The Council of the Royal Society approved Robert Hooke’s most famous work, Micrographia on 23 November 1664. The printers to the Society, John Martyn (1617/18–80) and James Allestry (d. 1670), printed the volume initially in 1665, and the title page indicated that the book would be available at their shop at the ‘Bell in St. Paul’s Church Yard’.[7] The title page of the 1667 edition held in the Edward Worth Library states that it was available for sale from John Martyn’s shop at the ‘Bell a little without Temple Barr’. In England’s golden age of science, Robert Hooke dedicated his book to King Charles II (1630–85). He saw the monarch’s peaceful rule as beneficial for research. Hooke felt compelled to present his findings, nurtured by royal stability, back to the crown. This gesture symbolized the symbiosis between sovereign and scholar in an era of intellectual growth. The author also dedicates the book to the Royal Society, of which he was recently made a fellow.

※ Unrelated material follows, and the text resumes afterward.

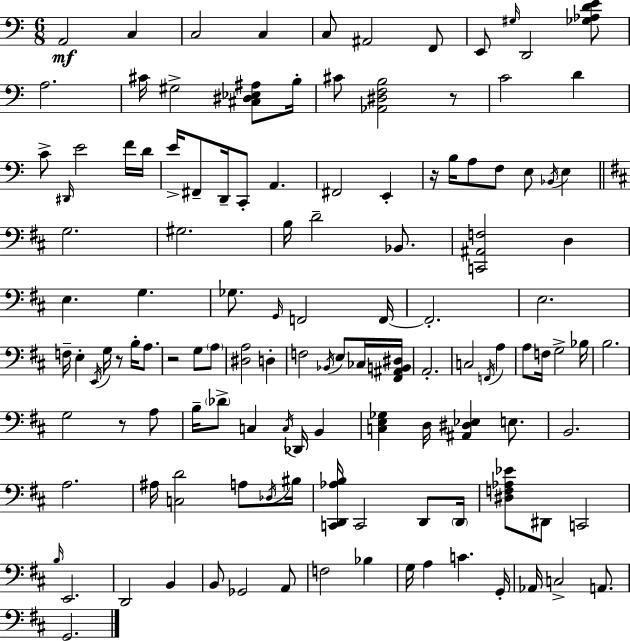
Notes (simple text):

A2/h C3/q C3/h C3/q C3/e A#2/h F2/e E2/e G#3/s D2/h [Gb3,Ab3,D4,E4]/e A3/h. C#4/s G#3/h [C#3,D#3,Eb3,A#3]/e B3/s C#4/e [Ab2,D#3,F3,B3]/h R/e C4/h D4/q C4/e D#2/s E4/h F4/s D4/s E4/s F#2/e D2/s C2/e A2/q. F#2/h E2/q R/s B3/s A3/e F3/e E3/e Bb2/s E3/q G3/h. G#3/h. B3/s D4/h Bb2/e. [C2,A#2,F3]/h D3/q E3/q. G3/q. Gb3/e. G2/s F2/h F2/s F2/h. E3/h. F3/s E3/q E2/s G3/s R/e B3/s A3/e. R/h G3/e A3/e [D#3,A3]/h D3/q F3/h Bb2/s E3/e CES3/s [F#2,A#2,B2,D#3]/s A2/h. C3/h F2/s A3/q A3/e F3/s G3/h Bb3/s B3/h. G3/h R/e A3/e B3/s Db4/e C3/q C3/s Db2/s B2/q [C3,E3,Gb3]/q D3/s [A#2,D#3,Eb3]/q E3/e. B2/h. A3/h. A#3/s [C3,D4]/h A3/e Db3/s BIS3/s [C2,D2,Ab3,B3]/s C2/h D2/e D2/s [D#3,F3,Ab3,Eb4]/e D#2/e C2/h B3/s E2/h. D2/h B2/q B2/e Gb2/h A2/e F3/h Bb3/q G3/s A3/q C4/q. G2/s Ab2/s C3/h A2/e. G2/h.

Micrographia contains many exquisite illustrations, drawn by Hooke himself. The images represent the detail and specificity that the microscope provided Hooke with, and the subjects captured within the volume’s pages express the advancement compared to other drawings of microorganisms at the time. To create these images, Hooke used a polished metal plate. He painted it with an acid-resistant layer of wax or varnish, then scratched the drawing through this layer with a needle to show the metal beneath. Finally, the plate was immersed in acid until the intaglio image was engraved into the plate.[8] Beyond the artistry of its illustrations, Micrographia exhibits an unusual distinctiveness through its use of language, as it was printed in English, unlike many scientific books before it that had been circulated in Latin, such as English scientist William Harvey’s discovery of the circulation of blood through the heart and blood vessels in his book Exercitatio Anatomica de Motu Cordis et Sanguinis in Animalibus (Frankfurt, 1628).[9] Hooke’s choice to publish his book in English made it accessible to a wider range of people, sharing the advancements made in both literature and science during this time.
The preface suggests that Hooke wrote the book simply to document his findings and discoveries. He states that ‘the Science of Nature has been already too long made only a work of the Brain and the Fancy’.[10] He claims in this quotation that scientists should resort to the simple observation method from the ‘first Principles and Arts, on which they did begin’.[11] Robert Hooke’s belief that we should learn more about ‘the Sense’ and its usefulness, to further improve our health, coincided with the Scientific Revolution, and he added to the multitude of ‘fundamental transformations in people’s attitudes towards the natural world’.[12] With the use of microscopes, he explored the new invisible terrain that became open to people to view by the use of these instruments. Hooke’s thorough descriptions at the beginning of each observation made within Micrographia indicated that he believed the readers of his book should be well-informed about the material he was studying. Building on his belief in empirical observation, Hooke described various microscopes in his work. He detailed the construction and use of single-lens microscopes, noting their advantages and drawbacks.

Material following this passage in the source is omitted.